Calcium-imaging-data-processing methods and experimental protocols (related to Figure 4).

(A) i. An optical section of the zebrafish larva’s optic tectum superimposed with the ROIs corresponding to each single neurons (yellow patches). ii. Examples of typical single-neuron DF/F traces (black) with significant fluorescence transients highlighted in red. Breaks in the traces depict discarded frames due to movement artifacts.

(B) i. An optical section of the optic tectum of an ath5:GCaMP3 zebrafish larva, where the tectal neuropil can be clearly observed. The SROIs are superimposed to the image (yellow patches). ii. Examples of typical single-SROIs DF/F traces (black) with significant fluorescence transients highlighted in red. Breaks in the traces depict discarded frames due to movement artifacts.

(C) Experimental setup: Scheme of the two-photon system for simultaneously monitoring eye movements and presenting visual stimuli.
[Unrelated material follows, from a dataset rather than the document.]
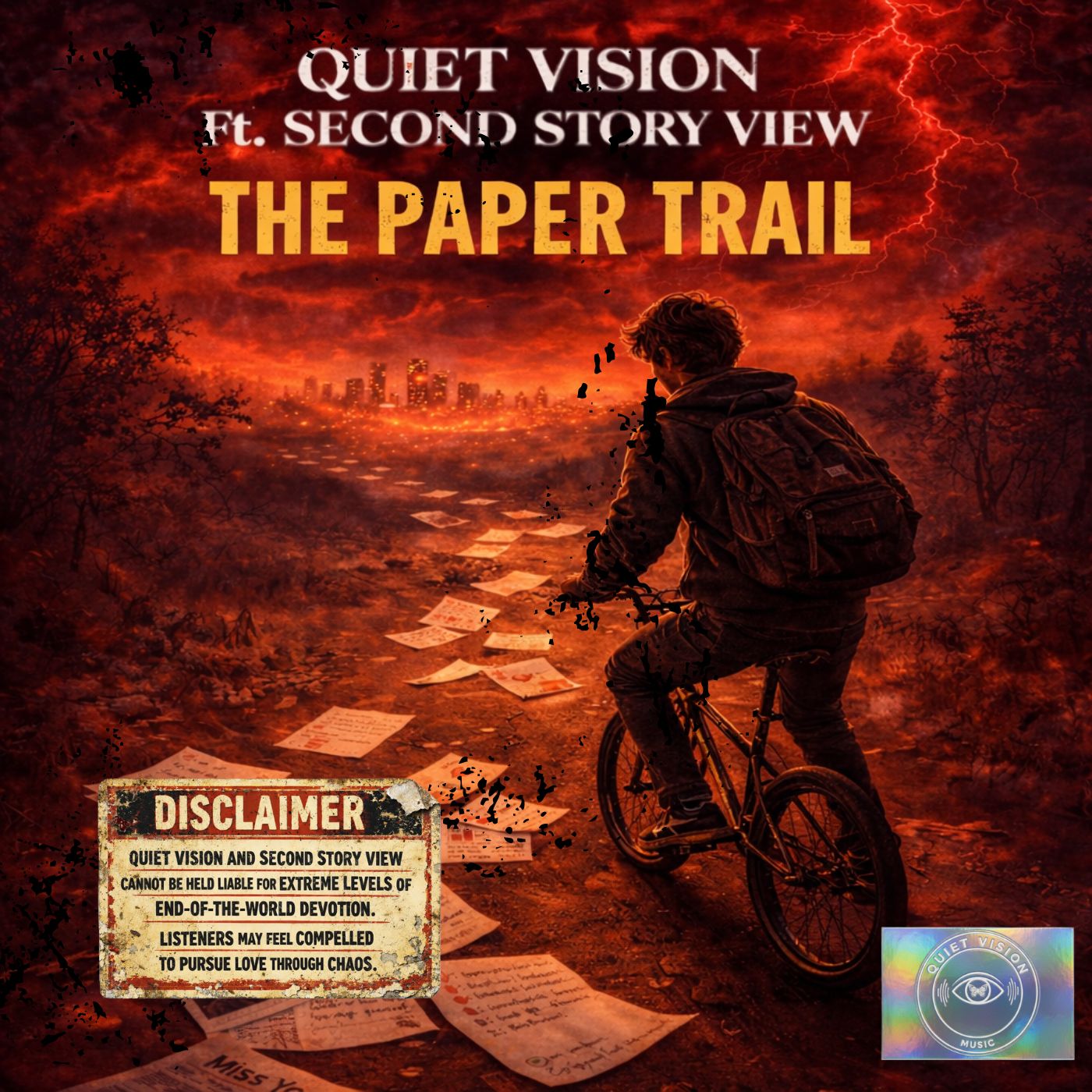 The Paper Trail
(D) MAE index as a function of time after CS under the two photon microscope. Blue curve: MAE index as a function of time under a two-photon microscope. CS consisted in repetitive moving bars for 500 s. Red curve: MAE index as a function of time as showed in Fig. 1F. CS consisted in whole field grating for 500 s. Gray line represents the control index for the two-photon experiments. Nonsignificant differences where found between the two conditions. Error bars: s.e. For repetitive moving bars, n=20 (trials), from 10 larvae. For whole field grating, n=15 (trials), from 15 larvae.

(E) i. Experimental paradigm for monitoring adaptation of RGC projections in paralyzed larvae. ii. The sum of the relative change in fluorescence intensity (DF/F) of direction selective SROIs as a function of time. Top panel, CS direction selective SROIs. Bottom panel, MAE direction selective SROIs. The color bars represent the different stimulation blocks of the experimental paradigm: gray for pre-CS control, magenta for CS and blue post-CS control period. Top bars: depict the presentation period of each moving bar (gray: CS direction, yellow: MAE direction).

(F) As in E, but for tectal neuron recordings.